● **THE PROBLEM**
Pictures in the records are to be excluded from an otherwise exact copy.

● **Short text fragments from websites**
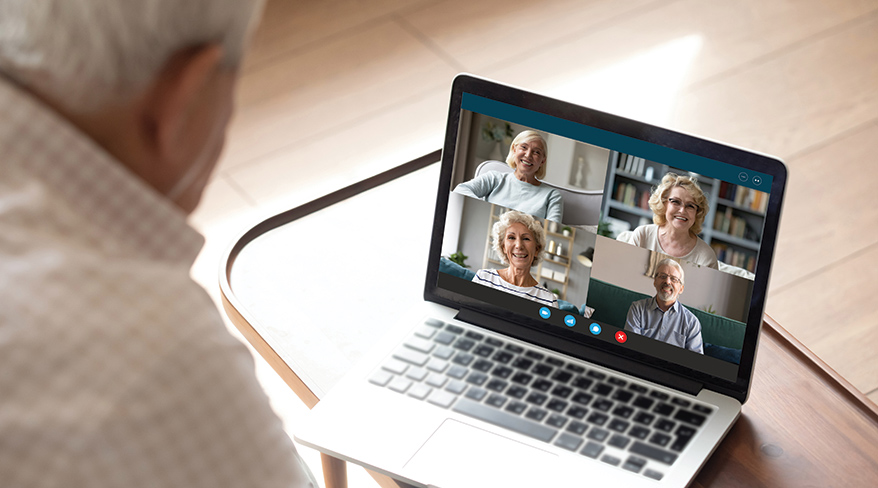An older man participates in an online lecture, viewing several other seniors on his laptop screen during a video call.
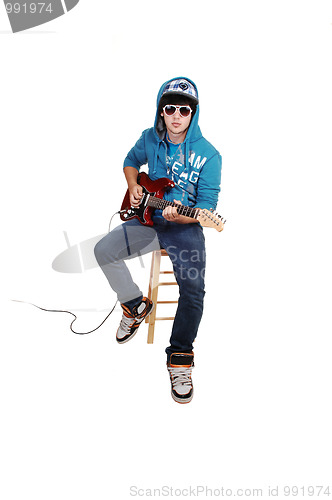 Image of Teen boy with guitar.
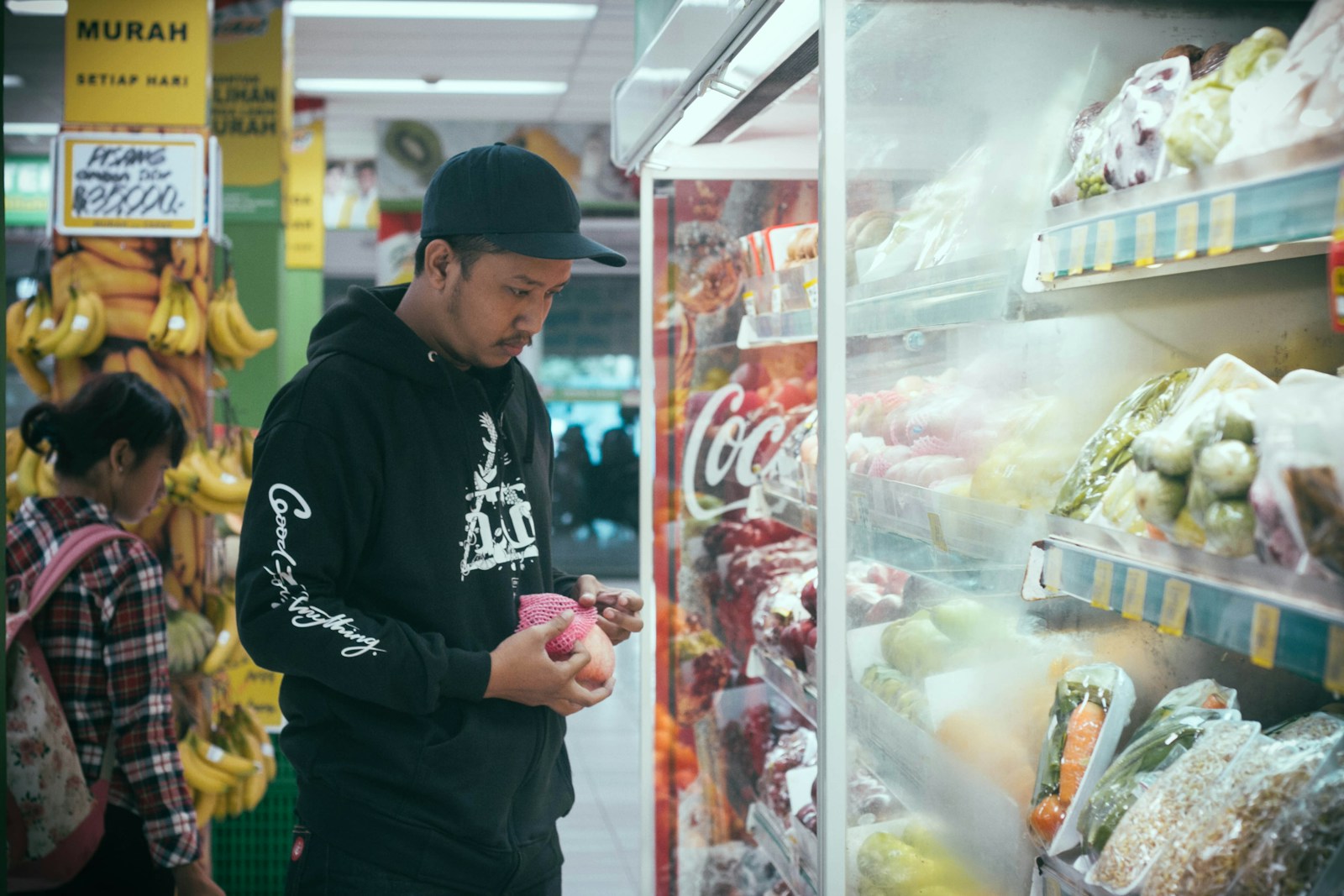 Man in cap shopping for groceries in a supermarket.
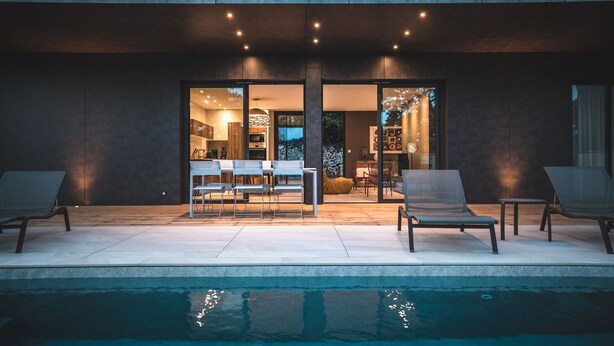 Un espace piscine extérieur moderne, doté de chaises longues et d’une porte vitrée donnant accès à un espace intérieur bien éclairé.
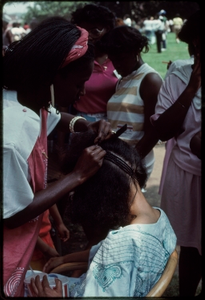 Atlanta, Georgia, 1988: National Black Arts Festival. African American hair braiding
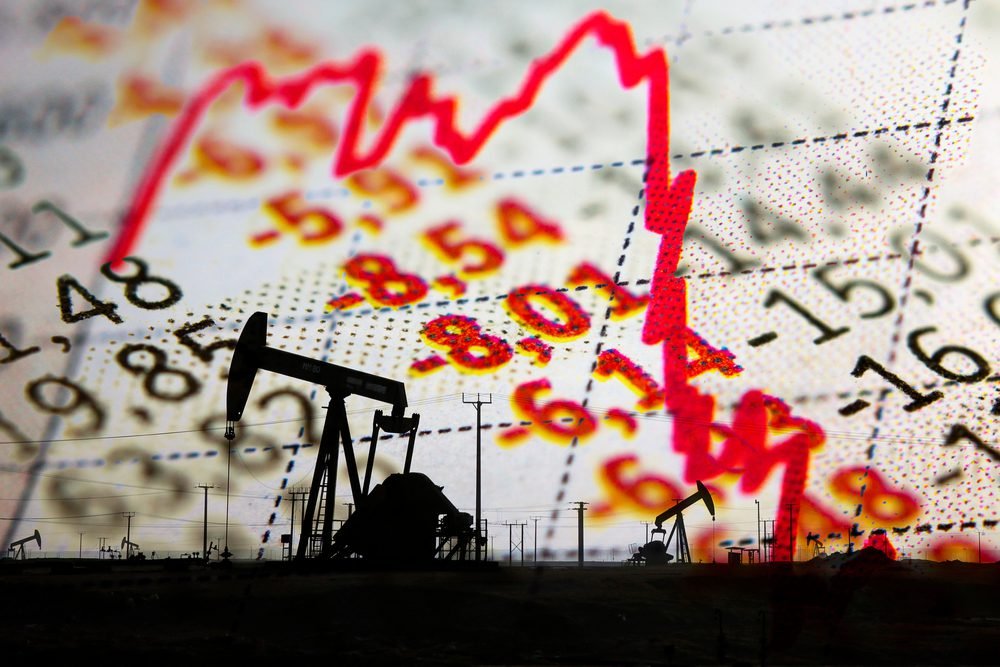 Akciový trh, klesající graf a ropné čerpadlo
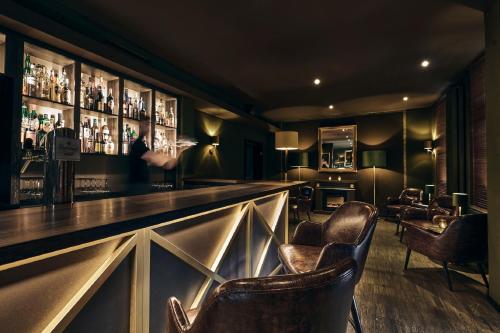 a bar with leather chairs in a room at Lounge-Hotel Seeterrassen in Wandlitz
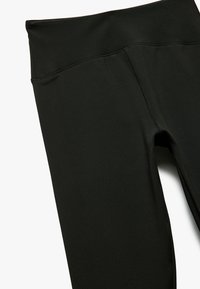 Svarta leggings i elastiskt material, med en bred midja och slät yta, samt platta sömmar för komfort och hållbarhet.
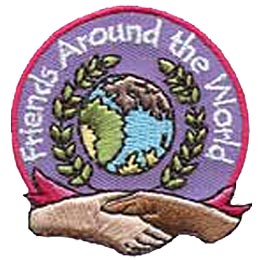 A globe is surrounded by a wreath of leaves which in turn is surrounded by the words ''Friends Around The World.'' Two hands shake at the bottom of the patch.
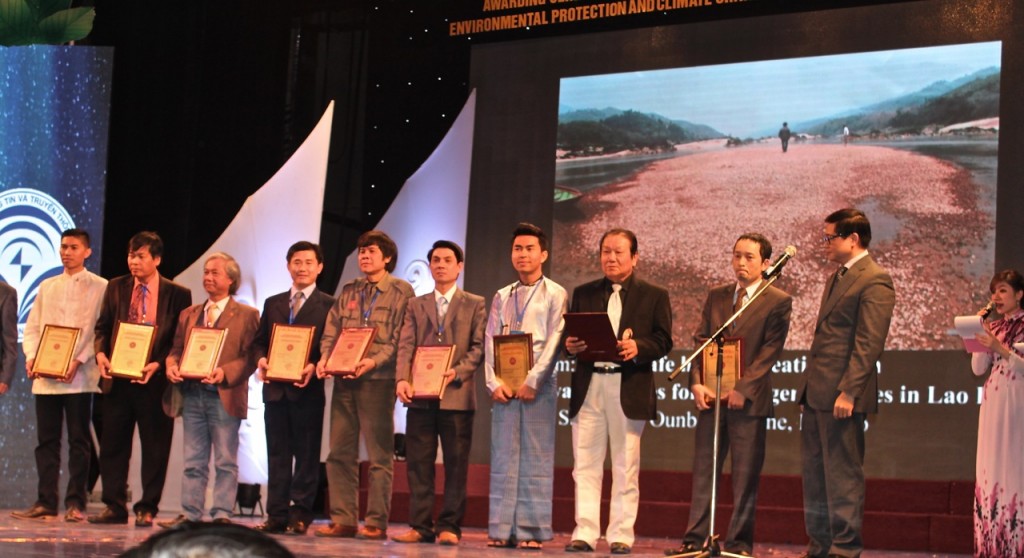 Sinsamout (fourth from left) with his prize-winning photo displayed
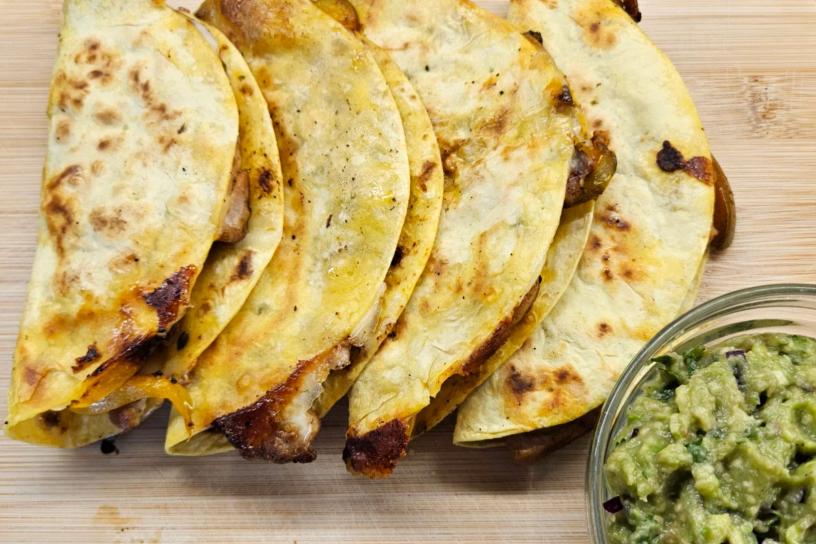 Crispy chicken tacos with vegetables on a wooden surface, with a small glass bowl of guacamole beside them.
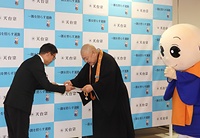 目録を手渡す一隅を照らす運動理事長代理の荒樋総本部長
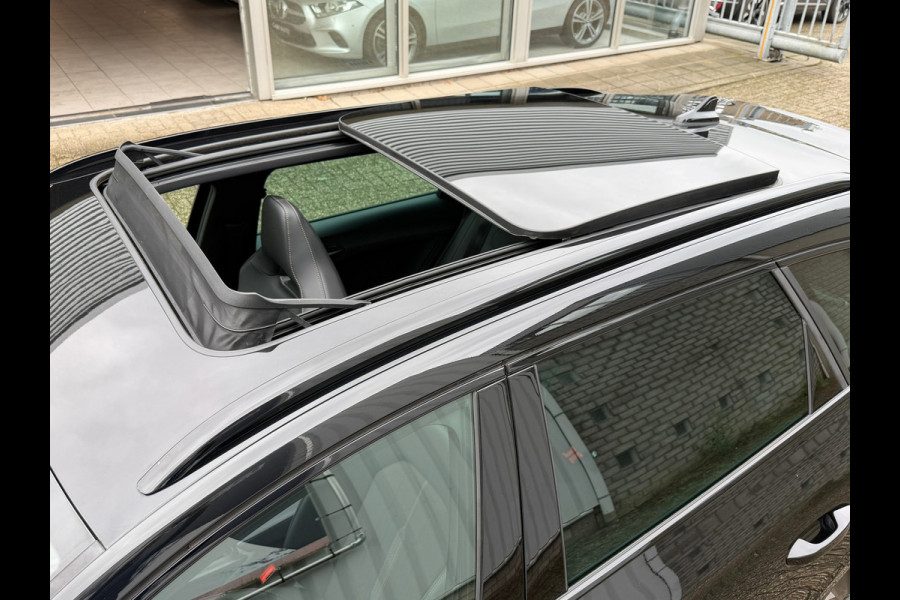 CUPRA Leon Sportstourer 1.4 e-Hybrid 245 Pk Business | Panoramadak | Navigatie | Camera | Clima | Sportstoelen | Keyless | 19".
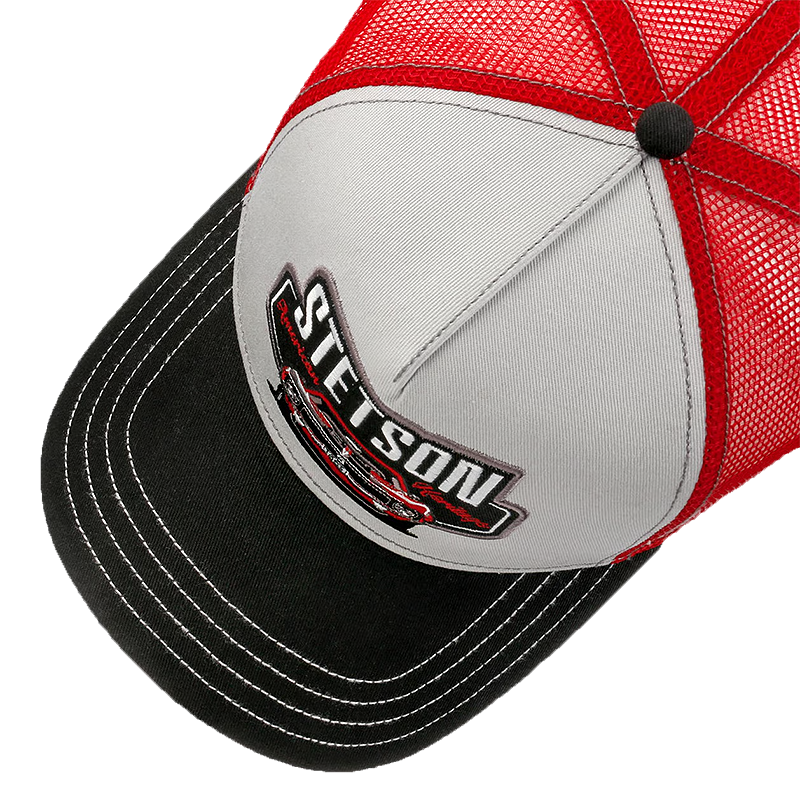 A close-up of a trucker-style cap with a red mesh back, light gray front panels, and a black brim with white contrast stitching. The front panel features a prominent 'STETSON' logo patch with a red car graphic.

● **COMPLETED TASK**
An older man participates in an online lecture, viewing several other seniors on his laptop screen during a video call.
 Image of Teen boy with guitar.
 Man in cap shopping for groceries in a supermarket.
 Un espace piscine extérieur moderne, doté de chaises longues et d’une porte vitrée donnant accès à un espace intérieur bien éclairé.
 Atlanta, Georgia, 1988: National Black Arts Festival. African American hair braiding
 Akciový trh, klesající graf a ropné čerpadlo
 a bar with leather chairs in a room at Lounge-Hotel Seeterrassen in Wandlitz
 Svarta leggings i elastiskt material, med en bred midja och slät yta, samt platta sömmar för komfort och hållbarhet.
 A globe is surrounded by a wreath of leaves which in turn is surrounded by the words ''Friends Around The World.'' Two hands shake at the bottom of the patch.
 Sinsamout (fourth from left) with his prize-winning photo displayed
 Crispy chicken tacos with vegetables on a wooden surface, with a small glass bowl of guacamole beside them.
 目録を手渡す一隅を照らす運動理事長代理の荒樋総本部長
 CUPRA Leon Sportstourer 1.4 e-Hybrid 245 Pk Business | Panoramadak | Navigatie | Camera | Clima | Sportstoelen | Keyless | 19".
 A close-up of a trucker-style cap with a red mesh back, light gray front panels, and a black brim with white contrast stitching. The front panel features a prominent 'STETSON' logo patch with a red car graphic.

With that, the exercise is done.